# Goal of the exercise
This exercise calls for the line with "purple flowers, like pansies, in the woods", the line with "アドマイヤクワッズ、デイリー杯2歳S1週前追い切り速報/栗東トレセンニュース", and all lines between them in the material below, output exactly and with no other lines.

===

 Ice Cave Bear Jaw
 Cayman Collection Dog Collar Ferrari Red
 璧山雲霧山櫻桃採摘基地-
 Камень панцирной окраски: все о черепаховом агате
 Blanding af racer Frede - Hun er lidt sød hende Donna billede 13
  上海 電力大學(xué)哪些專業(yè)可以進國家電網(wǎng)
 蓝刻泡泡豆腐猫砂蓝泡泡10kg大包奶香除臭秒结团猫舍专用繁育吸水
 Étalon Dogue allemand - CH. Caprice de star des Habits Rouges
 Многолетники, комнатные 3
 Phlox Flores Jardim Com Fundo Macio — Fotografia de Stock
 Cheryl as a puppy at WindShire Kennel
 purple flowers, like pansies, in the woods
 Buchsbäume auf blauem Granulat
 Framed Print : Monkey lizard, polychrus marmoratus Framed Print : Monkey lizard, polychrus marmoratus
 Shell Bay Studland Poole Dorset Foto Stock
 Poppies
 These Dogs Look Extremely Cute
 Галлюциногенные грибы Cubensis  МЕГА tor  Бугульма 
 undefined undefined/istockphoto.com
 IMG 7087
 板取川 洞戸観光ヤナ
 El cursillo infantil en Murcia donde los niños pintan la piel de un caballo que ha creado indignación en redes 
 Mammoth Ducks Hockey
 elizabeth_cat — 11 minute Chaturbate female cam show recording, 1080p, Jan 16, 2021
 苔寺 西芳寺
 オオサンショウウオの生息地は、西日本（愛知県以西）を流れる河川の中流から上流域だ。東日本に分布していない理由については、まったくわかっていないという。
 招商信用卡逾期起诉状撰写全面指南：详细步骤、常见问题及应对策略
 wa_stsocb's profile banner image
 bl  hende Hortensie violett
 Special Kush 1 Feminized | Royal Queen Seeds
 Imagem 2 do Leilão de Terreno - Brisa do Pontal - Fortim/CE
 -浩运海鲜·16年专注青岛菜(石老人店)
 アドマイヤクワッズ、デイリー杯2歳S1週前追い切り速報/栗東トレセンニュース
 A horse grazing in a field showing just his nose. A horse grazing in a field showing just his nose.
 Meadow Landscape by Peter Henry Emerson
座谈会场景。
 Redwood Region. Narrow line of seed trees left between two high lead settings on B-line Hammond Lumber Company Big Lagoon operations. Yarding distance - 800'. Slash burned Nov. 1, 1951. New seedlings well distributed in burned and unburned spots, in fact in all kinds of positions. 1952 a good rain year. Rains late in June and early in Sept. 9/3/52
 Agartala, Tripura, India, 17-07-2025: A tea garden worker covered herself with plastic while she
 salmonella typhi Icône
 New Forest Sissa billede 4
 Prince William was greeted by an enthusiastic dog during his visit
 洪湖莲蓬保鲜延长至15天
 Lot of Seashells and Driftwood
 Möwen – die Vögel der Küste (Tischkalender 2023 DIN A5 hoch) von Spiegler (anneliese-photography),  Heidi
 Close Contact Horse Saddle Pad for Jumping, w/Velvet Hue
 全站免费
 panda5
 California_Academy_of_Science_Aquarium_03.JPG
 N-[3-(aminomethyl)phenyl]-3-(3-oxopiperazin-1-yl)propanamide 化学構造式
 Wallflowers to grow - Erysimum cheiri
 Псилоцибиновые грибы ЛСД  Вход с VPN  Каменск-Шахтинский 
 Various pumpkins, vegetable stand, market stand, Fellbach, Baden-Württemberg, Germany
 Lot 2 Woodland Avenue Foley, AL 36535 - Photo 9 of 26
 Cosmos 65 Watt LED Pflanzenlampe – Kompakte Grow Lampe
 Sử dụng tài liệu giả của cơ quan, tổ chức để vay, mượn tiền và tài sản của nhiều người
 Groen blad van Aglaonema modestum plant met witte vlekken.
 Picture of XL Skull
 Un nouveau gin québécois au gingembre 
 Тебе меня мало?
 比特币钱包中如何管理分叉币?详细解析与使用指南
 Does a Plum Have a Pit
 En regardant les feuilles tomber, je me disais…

===

# Exercise solution
 purple flowers, like pansies, in the woods
 Buchsbäume auf blauem Granulat
 Framed Print : Monkey lizard, polychrus marmoratus Framed Print : Monkey lizard, polychrus marmoratus
 Shell Bay Studland Poole Dorset Foto Stock
 Poppies
 These Dogs Look Extremely Cute
 Галлюциногенные грибы Cubensis  МЕГА tor  Бугульма 
 undefined undefined/istockphoto.com
 IMG 7087
 板取川 洞戸観光ヤナ
 El cursillo infantil en Murcia donde los niños pintan la piel de un caballo que ha creado indignación en redes 
 Mammoth Ducks Hockey
 elizabeth_cat — 11 minute Chaturbate female cam show recording, 1080p, Jan 16, 2021
 苔寺 西芳寺
 オオサンショウウオの生息地は、西日本（愛知県以西）を流れる河川の中流から上流域だ。東日本に分布していない理由については、まったくわかっていないという。
 招商信用卡逾期起诉状撰写全面指南：详细步骤、常见问题及应对策略
 wa_stsocb's profile banner image
 bl  hende Hortensie violett
 Special Kush 1 Feminized | Royal Queen Seeds
 Imagem 2 do Leilão de Terreno - Brisa do Pontal - Fortim/CE
 -浩运海鲜·16年专注青岛菜(石老人店)
 アドマイヤクワッズ、デイリー杯2歳S1週前追い切り速報/栗東トレセンニュース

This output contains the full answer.